**What is expected**
Every line in the data below from the one containing "Comfort Apartment, 1" down to the one containing "1,090M² OFFICE TO LET IN BRYANSTON", both included, must be retyped exactly; no other line is to appear.

**Exercise inputs**
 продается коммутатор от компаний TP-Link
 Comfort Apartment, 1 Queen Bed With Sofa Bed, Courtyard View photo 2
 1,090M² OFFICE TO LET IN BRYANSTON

==

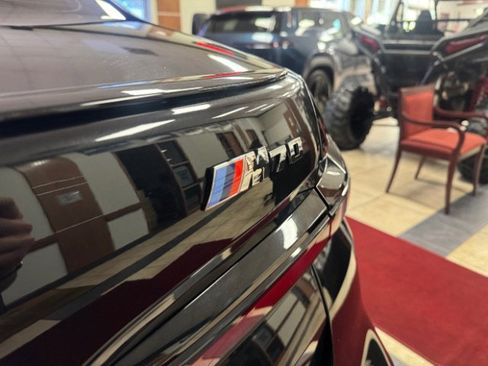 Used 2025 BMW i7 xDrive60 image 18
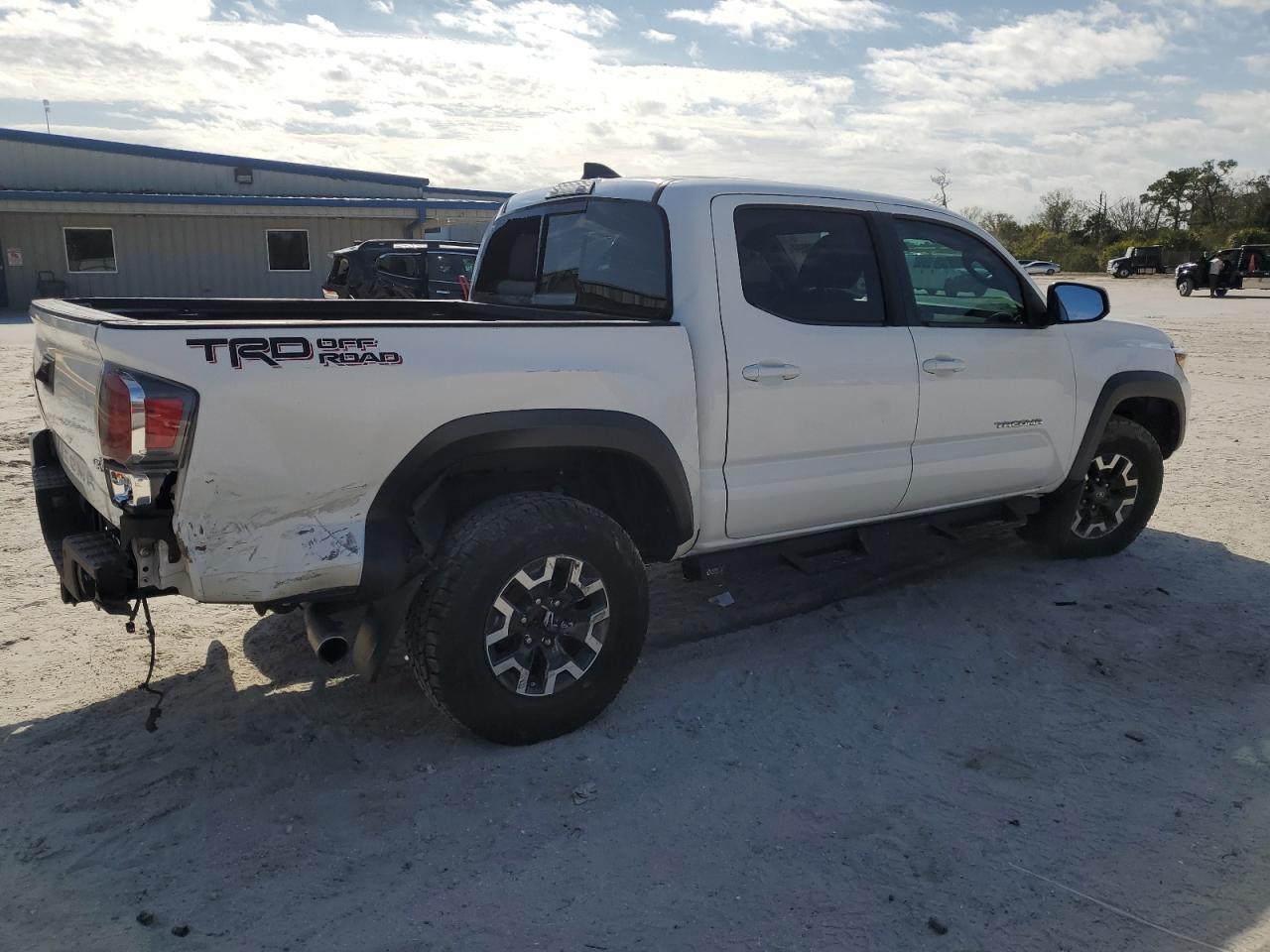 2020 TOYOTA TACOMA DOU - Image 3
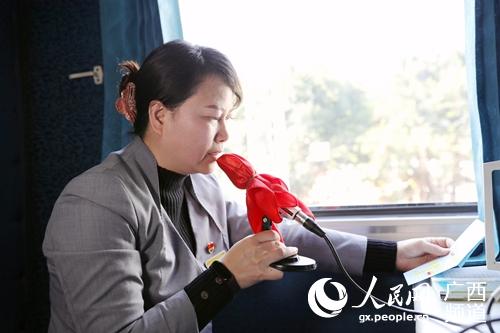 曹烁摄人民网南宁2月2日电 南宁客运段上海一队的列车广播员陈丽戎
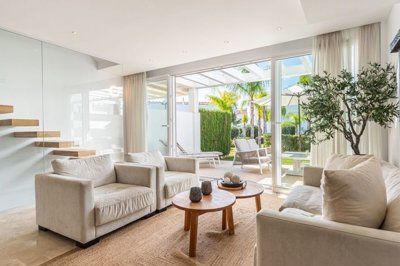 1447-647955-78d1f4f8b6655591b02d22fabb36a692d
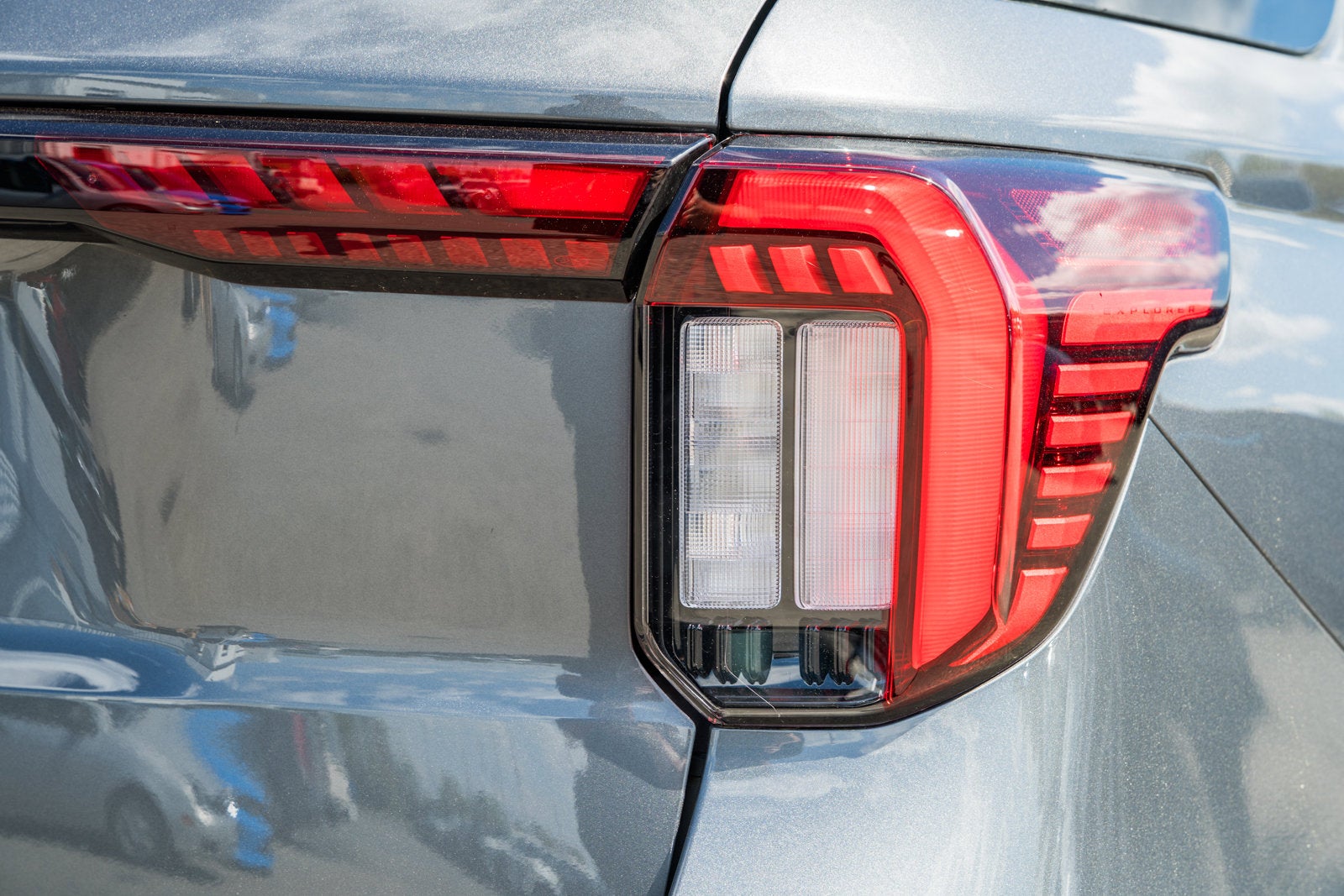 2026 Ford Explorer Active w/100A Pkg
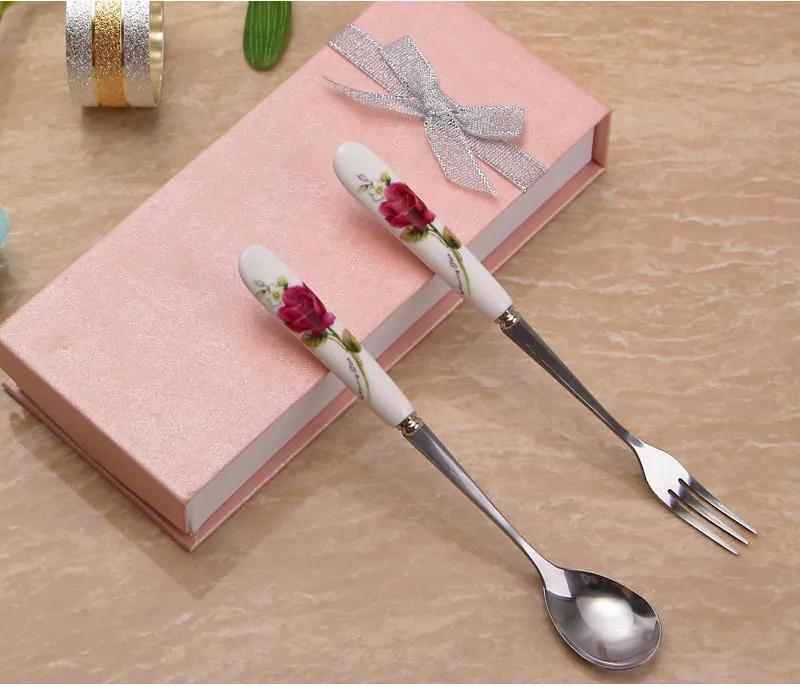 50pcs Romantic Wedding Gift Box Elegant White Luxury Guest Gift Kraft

**Answer area**
 Comfort Apartment, 1 Queen Bed With Sofa Bed, Courtyard View photo 2
 1,090M² OFFICE TO LET IN BRYANSTON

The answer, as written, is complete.